Brief descriptive captions
————————

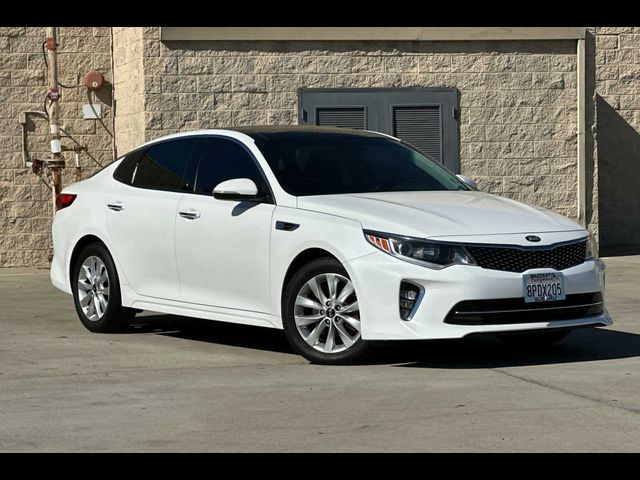 2018 Kia Optima S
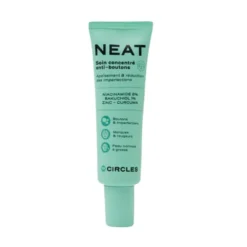 Circles Soin concentré anti-imperfections Neat - 30 ml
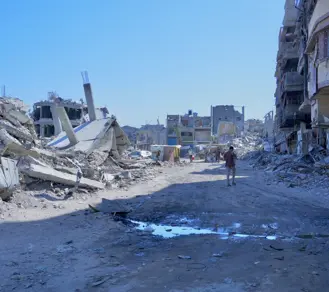 Rústir Khan Younis Gaza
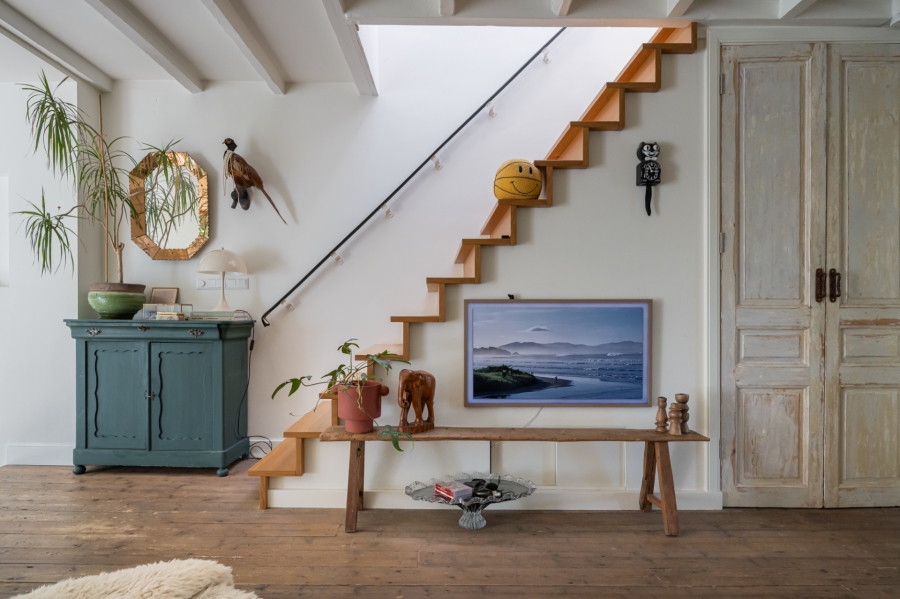 Locatie 1012 - Woonhuis Amsterdam 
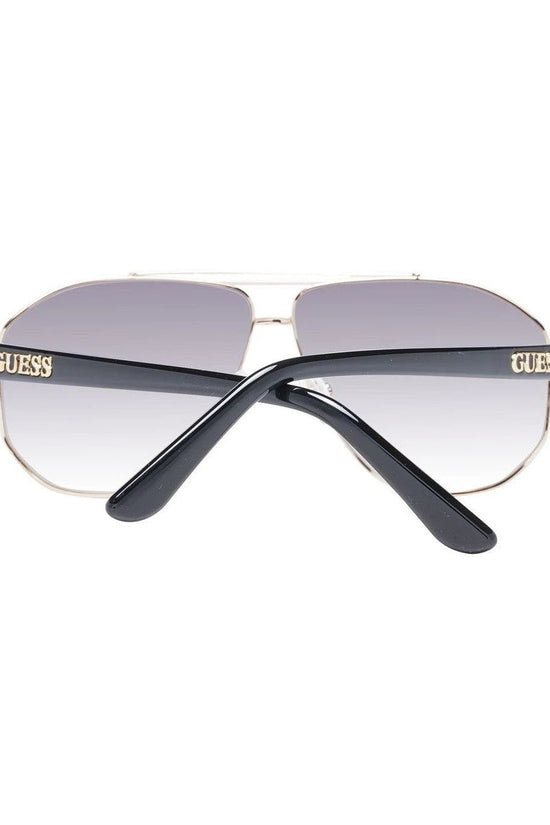 Guess Sonnenbrille Aviator Gold | ELORÉ by Guess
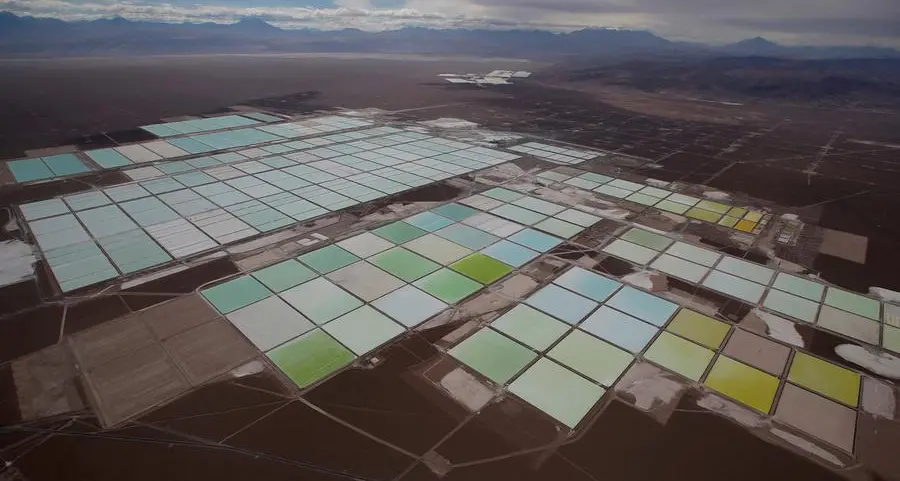 Saudi-backed Almar Water seeks lithium partnership in Chile, CEO says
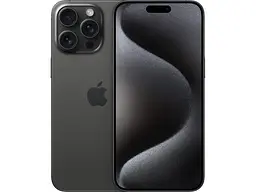 Смартфон Apple iPhone 15 Pro 128GB Black Titanium (MTUV3)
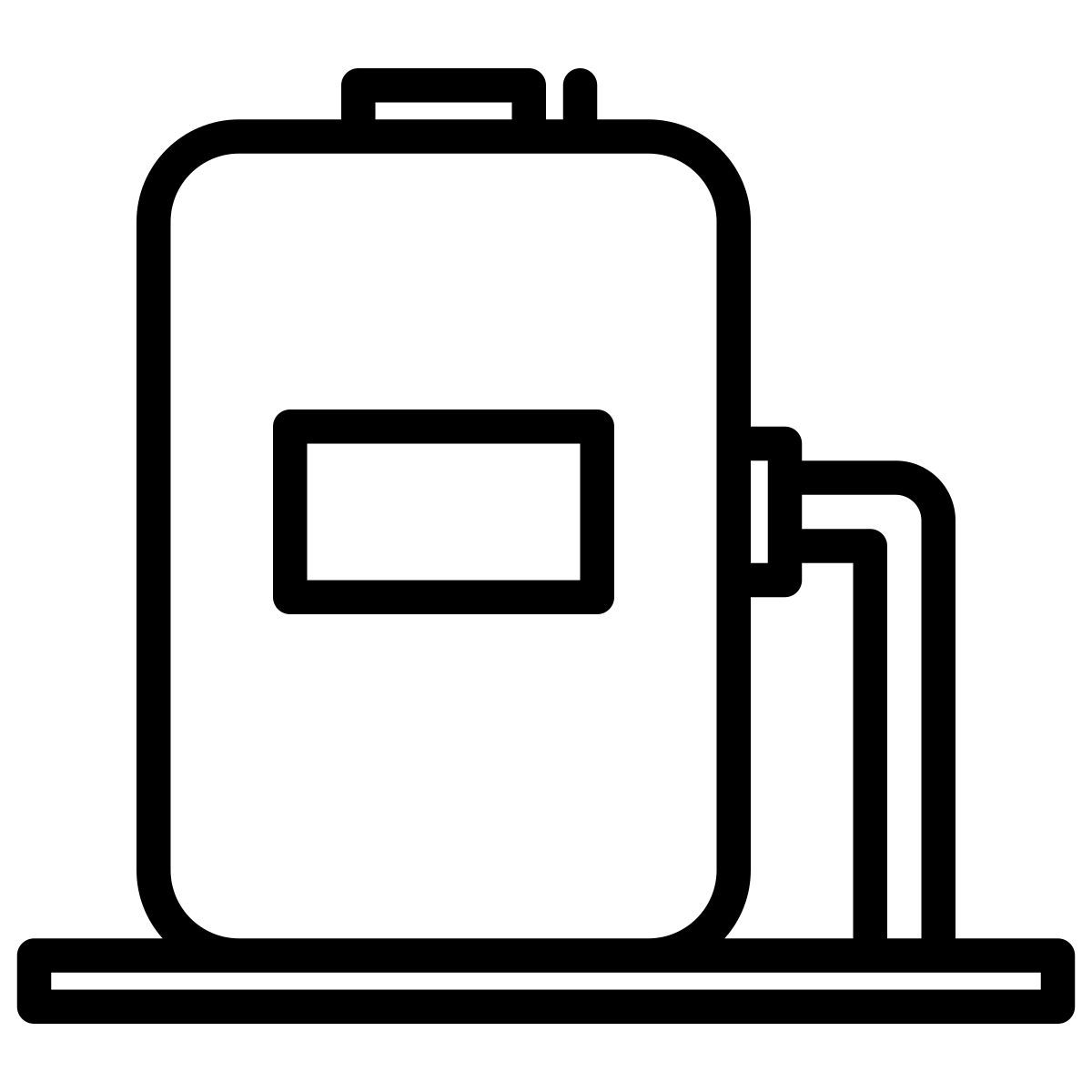 oil tank icon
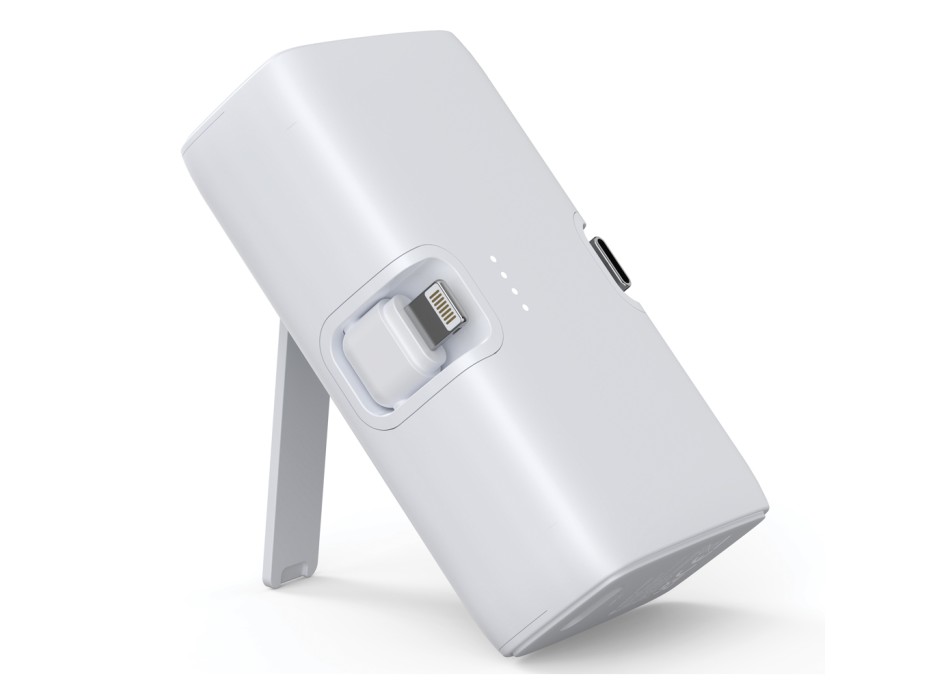 Powerbank 20W PD Urban Vitamin Los Angeles in rPlastica RCS FullGadgets.com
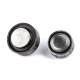 Matriță pentru ocheți, ø35 mm - Nichel (1 Set) Matriță pentru ocheți, ø35 mm - Nichel (1 Set)
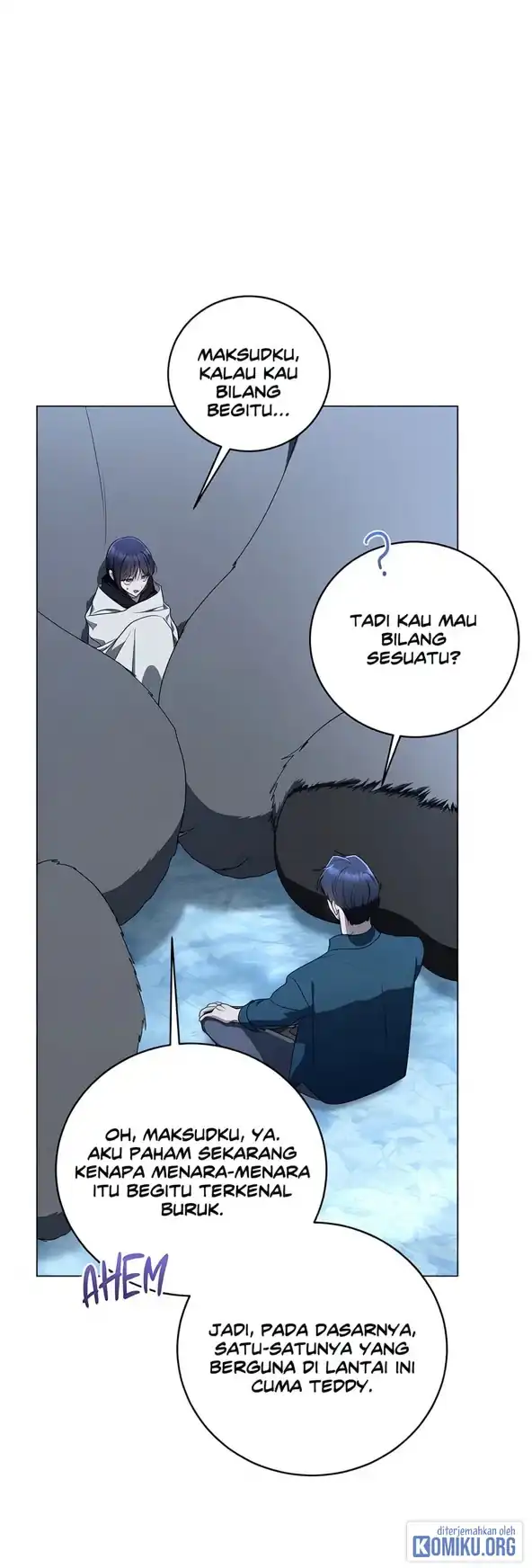 A Guide to the Right Life for Rankers Chapter 60 - Page 54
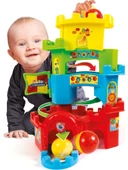 Clementoni Baby Renkli Kale 17226 - 3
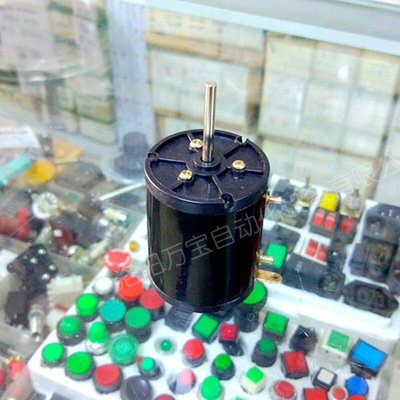 。可调节精密多圈线绕电位器WXD7-33功率5W阻值30K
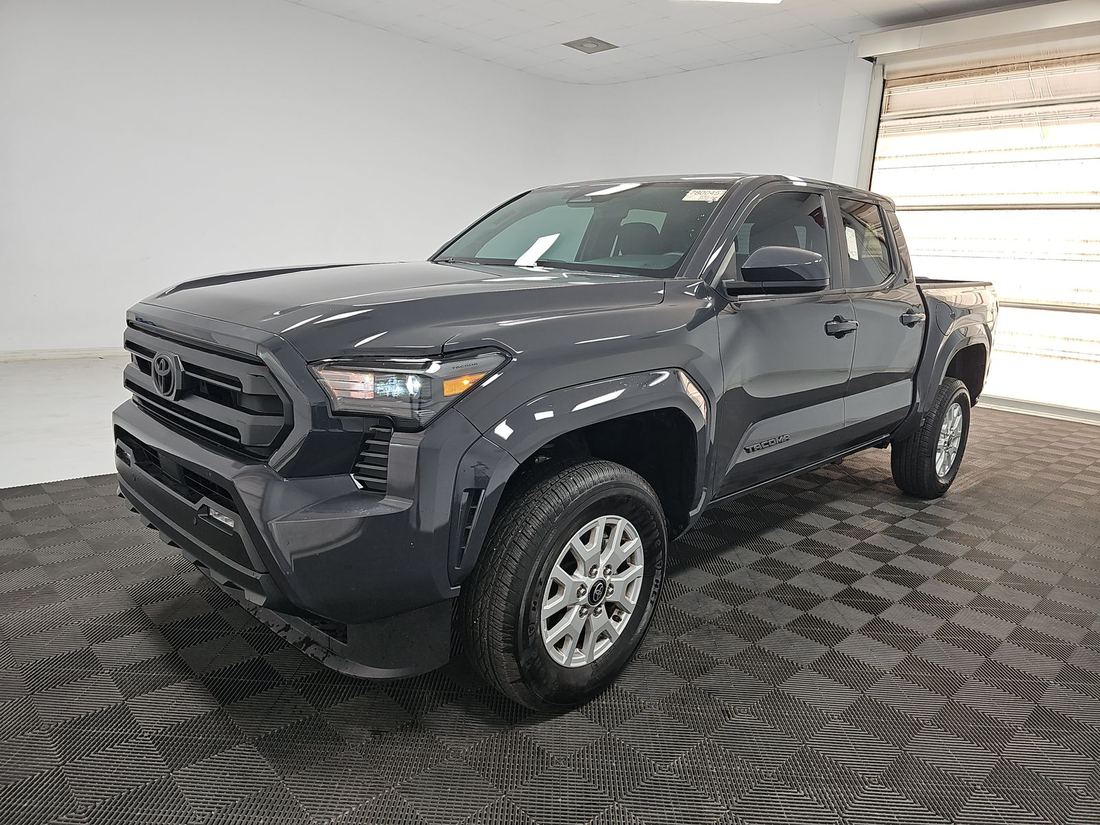 2025 Toyota 40 Series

————————

:: WHAT TO WORK ON ::
Write out each entry word for word, images excluded.

:: ANSWER AREA ::
 2018 Kia Optima S
 Circles Soin concentré anti-imperfections Neat - 30 ml
 Rústir Khan Younis Gaza
 Locatie 1012 - Woonhuis Amsterdam 
 Guess Sonnenbrille Aviator Gold | ELORÉ by Guess
 Saudi-backed Almar Water seeks lithium partnership in Chile, CEO says
 Смартфон Apple iPhone 15 Pro 128GB Black Titanium (MTUV3)
 oil tank icon
 Powerbank 20W PD Urban Vitamin Los Angeles in rPlastica RCS FullGadgets.com
 Matriță pentru ocheți, ø35 mm - Nichel (1 Set) Matriță pentru ocheți, ø35 mm - Nichel (1 Set)
 A Guide to the Right Life for Rankers Chapter 60 - Page 54
 Clementoni Baby Renkli Kale 17226 - 3
 。可调节精密多圈线绕电位器WXD7-33功率5W阻值30K
 2025 Toyota 40 Series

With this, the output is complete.